(Items from a data source)
○ ○ ○ ○ ○ ○ ○

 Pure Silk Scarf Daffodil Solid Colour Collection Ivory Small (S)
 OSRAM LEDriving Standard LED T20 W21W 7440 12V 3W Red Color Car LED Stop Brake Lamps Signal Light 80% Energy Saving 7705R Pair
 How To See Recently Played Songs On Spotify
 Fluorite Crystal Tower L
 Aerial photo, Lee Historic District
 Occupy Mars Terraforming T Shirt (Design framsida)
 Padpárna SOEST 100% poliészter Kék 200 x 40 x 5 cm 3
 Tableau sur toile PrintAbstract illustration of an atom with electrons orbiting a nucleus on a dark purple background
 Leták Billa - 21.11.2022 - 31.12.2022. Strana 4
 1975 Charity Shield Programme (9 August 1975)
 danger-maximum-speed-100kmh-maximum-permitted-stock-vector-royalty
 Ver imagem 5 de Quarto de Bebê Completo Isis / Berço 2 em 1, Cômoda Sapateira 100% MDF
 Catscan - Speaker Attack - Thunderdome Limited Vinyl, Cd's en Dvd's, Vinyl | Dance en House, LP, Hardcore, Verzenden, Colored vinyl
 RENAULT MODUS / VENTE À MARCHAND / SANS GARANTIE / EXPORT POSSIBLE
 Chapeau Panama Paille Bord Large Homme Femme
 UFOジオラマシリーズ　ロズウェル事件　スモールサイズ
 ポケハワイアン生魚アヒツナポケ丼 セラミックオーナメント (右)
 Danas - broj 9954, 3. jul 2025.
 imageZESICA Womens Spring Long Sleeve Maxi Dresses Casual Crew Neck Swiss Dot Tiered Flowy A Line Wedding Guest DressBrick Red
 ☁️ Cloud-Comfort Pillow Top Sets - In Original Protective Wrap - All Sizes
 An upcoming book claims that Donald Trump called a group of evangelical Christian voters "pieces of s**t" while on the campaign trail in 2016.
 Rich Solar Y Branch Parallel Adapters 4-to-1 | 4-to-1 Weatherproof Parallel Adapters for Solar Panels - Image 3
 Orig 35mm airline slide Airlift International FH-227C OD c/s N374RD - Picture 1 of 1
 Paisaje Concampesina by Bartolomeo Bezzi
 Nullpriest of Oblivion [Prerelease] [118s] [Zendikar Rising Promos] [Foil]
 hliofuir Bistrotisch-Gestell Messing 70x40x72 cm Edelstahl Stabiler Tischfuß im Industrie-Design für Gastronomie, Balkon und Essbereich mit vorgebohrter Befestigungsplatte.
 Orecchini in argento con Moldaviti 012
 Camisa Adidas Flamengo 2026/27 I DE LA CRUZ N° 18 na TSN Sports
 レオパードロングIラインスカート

○ ○ ○ ○ ○ ○ ○

**Instructions for the task**
Reproduce the lines of the records exactly, from the first one through the line that contains "Aerial photo, Lee Historic District".

**Response**
 Pure Silk Scarf Daffodil Solid Colour Collection Ivory Small (S)
 OSRAM LEDriving Standard LED T20 W21W 7440 12V 3W Red Color Car LED Stop Brake Lamps Signal Light 80% Energy Saving 7705R Pair
 How To See Recently Played Songs On Spotify
 Fluorite Crystal Tower L
 Aerial photo, Lee Historic District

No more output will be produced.